① 保育士は「すべての子ども」を支える仕事だから
保育所や園では、発達や体の動きに個性のあるこどもも一緒にすごします。そのため、社会的障壁により生活上の支援を必要とする人と関わることで、一人ひとりのニーズに合わせた関わり方を学ぶことができます。

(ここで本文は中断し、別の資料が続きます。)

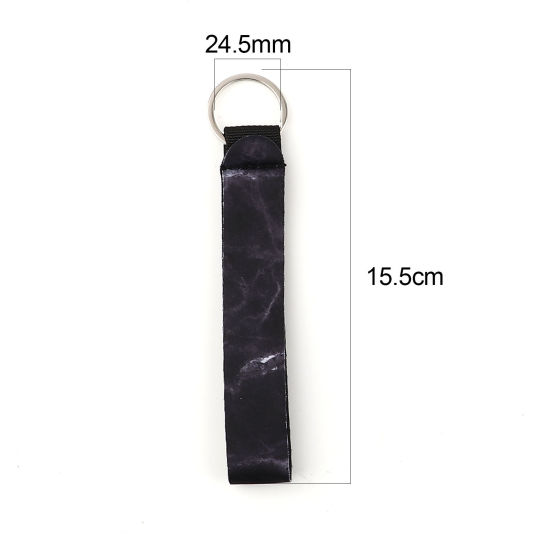 Immagine di Neoprene Anello Portachiavi Tono Argento Nero Rettangolo 15.5cm, 2 Pz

② 人の成長を「子ども時代だけでなく一生の流れ」で見るため
障害者支援施設では、大人になった方々の生活を知ることができます。それは、「こどもの今の支援が、その人の将来につながる」ことを感じる大切な体験になります。
③ 福祉や支援の考え方を体験的に学べるから
施設では、支援員・看護師・栄養士など、いろいろな専門職が協力しています。その中で、**「チームで支える」ことや「相手の尊厳を大切にする支援」**を学ぶことができます。
④ 共に生きる社会を知るきっかけになる
だれでも、地域の中であたりまえに暮らしています。施設実習は、「共生社会(ともに生きる社会)」を実感する第一歩となります。

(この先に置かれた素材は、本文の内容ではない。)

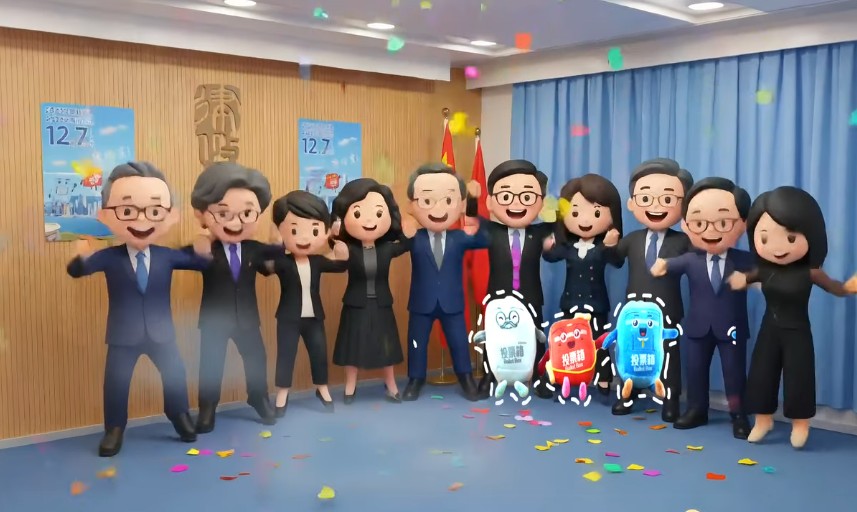 林定國與張國鈞及專員們瞬間由真人變成AI公仔。林定國fb影片截圖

目黒恵風寮での実習をとおして、過去には実習生から「保育士に進もうか迷っていたけど、障害福祉の分野もいいなとおもいました」「ご利用者やスタッフのみなさんの雰囲気があたたかくて、安心しました」といったコメントをいただくこともしばしばあります。また、ありがたいことに実習を経て「ここで働きたいです!」と希望していただき就職し、現在も目黒恵風寮で働いているスタッフも何名かいます。
教科書では学べない「人との関わり方」や「支援のむずかしさ・やりがい」を感じてもらい、実習を通して未来のスタッフや支援者につなげ、スタッフも自分たちの支援を見直したり新しい考え方に触れることができる機会として、実習の受け入れについてはこれからも大切にしていきたいとおもいます。